Certainly one of the best known Advanced Trainers of the War.
Let’s take a quick look at a common sight at a stateside AAF base.
In USAAF terminology, Advanced Training is a course, a syllabus. Its not a course for weeding out pilots. That was already done, mostly in Primary Training. When a student makes it to Advanced Training its expected they will pass and become a professional, useful pilot.
Advanced Trainers would have at least 600 horsepower to get students used to more combat ready aircraft. They were fully aerobatic, with full flight instruments and could be armed. In essence, all skills needed for actual combat could be learned in an Advanced Trainer.
Every branch of the US military had some sort of finishing school (or Transition Training) where the students flew actual current (or recently retired) combat aircraft before actually heading to a War Zone. But in theory, they’d already learned all their skills by the end of advanced training.
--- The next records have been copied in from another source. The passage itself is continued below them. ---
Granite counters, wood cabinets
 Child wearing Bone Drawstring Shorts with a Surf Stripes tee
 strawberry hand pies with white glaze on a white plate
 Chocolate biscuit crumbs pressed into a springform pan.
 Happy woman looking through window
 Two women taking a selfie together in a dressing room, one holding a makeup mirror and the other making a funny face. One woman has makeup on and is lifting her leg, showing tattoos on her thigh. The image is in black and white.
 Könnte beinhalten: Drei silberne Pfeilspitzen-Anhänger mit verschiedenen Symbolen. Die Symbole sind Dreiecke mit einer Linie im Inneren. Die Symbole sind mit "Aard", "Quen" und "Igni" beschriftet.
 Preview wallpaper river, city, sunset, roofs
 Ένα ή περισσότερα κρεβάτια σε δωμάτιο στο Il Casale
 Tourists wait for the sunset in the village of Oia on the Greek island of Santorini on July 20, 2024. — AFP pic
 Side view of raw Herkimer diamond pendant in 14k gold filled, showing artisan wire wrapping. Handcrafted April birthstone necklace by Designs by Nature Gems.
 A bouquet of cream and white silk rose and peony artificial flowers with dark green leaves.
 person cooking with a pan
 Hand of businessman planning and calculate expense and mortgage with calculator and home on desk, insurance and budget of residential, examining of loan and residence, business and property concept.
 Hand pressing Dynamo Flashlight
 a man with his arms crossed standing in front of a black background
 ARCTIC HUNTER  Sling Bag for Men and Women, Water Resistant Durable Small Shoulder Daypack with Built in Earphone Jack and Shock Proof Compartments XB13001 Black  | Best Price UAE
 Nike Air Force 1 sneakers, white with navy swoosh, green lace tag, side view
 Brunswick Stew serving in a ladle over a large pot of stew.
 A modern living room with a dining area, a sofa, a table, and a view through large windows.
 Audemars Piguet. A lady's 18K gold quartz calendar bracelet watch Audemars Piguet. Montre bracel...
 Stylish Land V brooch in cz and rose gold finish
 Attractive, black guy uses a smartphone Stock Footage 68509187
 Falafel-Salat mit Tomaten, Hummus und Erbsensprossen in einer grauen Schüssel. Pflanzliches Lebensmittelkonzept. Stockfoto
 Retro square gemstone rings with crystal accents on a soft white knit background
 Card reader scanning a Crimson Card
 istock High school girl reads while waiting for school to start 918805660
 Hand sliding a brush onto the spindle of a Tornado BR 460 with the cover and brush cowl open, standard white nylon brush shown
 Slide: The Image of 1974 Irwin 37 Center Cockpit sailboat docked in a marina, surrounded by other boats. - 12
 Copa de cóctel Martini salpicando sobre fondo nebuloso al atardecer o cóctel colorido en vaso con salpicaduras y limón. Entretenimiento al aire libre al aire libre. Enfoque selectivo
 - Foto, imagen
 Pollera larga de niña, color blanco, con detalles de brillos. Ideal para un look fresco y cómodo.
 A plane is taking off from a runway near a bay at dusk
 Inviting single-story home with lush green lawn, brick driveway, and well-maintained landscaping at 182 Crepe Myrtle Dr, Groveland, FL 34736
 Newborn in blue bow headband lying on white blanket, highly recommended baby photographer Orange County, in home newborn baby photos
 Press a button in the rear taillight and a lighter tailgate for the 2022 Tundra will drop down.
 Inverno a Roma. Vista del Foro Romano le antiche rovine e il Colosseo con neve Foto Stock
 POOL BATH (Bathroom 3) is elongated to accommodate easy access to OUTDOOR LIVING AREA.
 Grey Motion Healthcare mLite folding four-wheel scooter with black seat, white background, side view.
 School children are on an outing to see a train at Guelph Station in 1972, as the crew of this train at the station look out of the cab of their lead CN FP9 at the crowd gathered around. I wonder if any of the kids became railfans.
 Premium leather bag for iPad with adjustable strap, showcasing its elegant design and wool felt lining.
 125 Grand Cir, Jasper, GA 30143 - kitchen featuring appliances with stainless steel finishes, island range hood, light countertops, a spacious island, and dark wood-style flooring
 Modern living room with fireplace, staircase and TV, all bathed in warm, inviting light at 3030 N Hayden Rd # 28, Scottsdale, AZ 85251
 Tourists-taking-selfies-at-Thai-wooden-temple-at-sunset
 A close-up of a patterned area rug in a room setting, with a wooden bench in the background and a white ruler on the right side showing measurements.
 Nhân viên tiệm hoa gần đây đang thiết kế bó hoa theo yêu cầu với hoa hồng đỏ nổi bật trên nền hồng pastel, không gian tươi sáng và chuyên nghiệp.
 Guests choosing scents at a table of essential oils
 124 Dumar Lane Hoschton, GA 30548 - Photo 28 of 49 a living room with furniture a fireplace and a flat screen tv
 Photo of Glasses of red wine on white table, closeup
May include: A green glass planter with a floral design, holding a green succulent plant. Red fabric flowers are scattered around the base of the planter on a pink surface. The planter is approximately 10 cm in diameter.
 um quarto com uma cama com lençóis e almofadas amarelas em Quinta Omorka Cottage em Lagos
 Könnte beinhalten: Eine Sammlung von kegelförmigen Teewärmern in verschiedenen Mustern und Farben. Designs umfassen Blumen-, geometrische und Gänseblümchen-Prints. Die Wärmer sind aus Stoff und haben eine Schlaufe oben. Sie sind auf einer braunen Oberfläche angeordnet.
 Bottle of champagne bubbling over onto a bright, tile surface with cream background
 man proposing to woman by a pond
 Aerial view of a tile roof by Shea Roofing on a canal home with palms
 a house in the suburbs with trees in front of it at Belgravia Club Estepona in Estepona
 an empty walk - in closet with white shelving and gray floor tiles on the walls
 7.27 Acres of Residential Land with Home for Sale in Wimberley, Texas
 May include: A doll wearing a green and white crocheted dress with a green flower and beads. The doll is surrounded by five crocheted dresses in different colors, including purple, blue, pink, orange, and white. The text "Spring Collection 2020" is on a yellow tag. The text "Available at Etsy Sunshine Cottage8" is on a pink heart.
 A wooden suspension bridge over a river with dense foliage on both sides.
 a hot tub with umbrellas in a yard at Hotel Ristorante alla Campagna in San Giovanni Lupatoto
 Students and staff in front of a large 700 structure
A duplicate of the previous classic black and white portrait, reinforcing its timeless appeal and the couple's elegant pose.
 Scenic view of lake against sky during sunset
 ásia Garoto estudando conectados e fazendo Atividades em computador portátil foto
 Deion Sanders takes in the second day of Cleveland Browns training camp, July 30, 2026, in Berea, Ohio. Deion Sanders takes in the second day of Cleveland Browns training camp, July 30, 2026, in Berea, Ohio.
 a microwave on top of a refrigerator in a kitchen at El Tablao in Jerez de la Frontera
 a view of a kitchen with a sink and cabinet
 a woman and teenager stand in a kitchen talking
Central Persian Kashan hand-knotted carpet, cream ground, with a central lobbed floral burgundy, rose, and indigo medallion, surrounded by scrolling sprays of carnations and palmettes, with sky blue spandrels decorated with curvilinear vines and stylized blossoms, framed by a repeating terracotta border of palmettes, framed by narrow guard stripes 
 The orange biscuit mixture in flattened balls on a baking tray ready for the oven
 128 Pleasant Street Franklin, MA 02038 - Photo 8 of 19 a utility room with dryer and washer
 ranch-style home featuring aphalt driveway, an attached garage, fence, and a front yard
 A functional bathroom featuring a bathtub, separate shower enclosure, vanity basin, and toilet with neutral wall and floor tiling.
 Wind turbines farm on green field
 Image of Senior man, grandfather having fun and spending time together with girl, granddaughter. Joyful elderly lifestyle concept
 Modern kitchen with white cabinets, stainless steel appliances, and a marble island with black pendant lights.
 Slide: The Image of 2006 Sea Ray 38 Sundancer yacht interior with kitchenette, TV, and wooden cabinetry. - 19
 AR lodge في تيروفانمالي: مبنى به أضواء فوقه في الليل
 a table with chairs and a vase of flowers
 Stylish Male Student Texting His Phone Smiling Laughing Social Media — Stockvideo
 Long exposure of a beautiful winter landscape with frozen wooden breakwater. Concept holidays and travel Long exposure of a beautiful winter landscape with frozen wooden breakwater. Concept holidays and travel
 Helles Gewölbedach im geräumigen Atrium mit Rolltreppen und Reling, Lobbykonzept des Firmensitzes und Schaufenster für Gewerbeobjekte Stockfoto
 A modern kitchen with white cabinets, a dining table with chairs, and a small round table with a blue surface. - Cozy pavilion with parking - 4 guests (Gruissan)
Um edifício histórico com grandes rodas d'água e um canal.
The Texan was first conceived in 1935. The BT-9 actually flew first, essentially the same airframe but with fixed gear and only 400 horse power. Yes, the first of the Texan family was actually a Basic Trainer. Which leads to the point the Texan was actually produced in a range of alternates. It served in the US Navy/Marines as the SNJ and the RAF (and other Commonwealth air forces) as the Harvard. Two different attempts at single engine fighters were built from it, under company designations NA-50 and NA-68 (the six NA-68 were built for Siam, but when that country cozied up to Japan just before the War the planes were impounded and served with the USAAF as P-64) and two-place close support aircraft as the NA-69 (10 were built for Siam. These were impounded and became A-27s. They served in combat in the Philippines). They were also license built in Australia and flew combat missions with the RAAF as both the CAC Wirraway and more heavily modified CAC Boomerang.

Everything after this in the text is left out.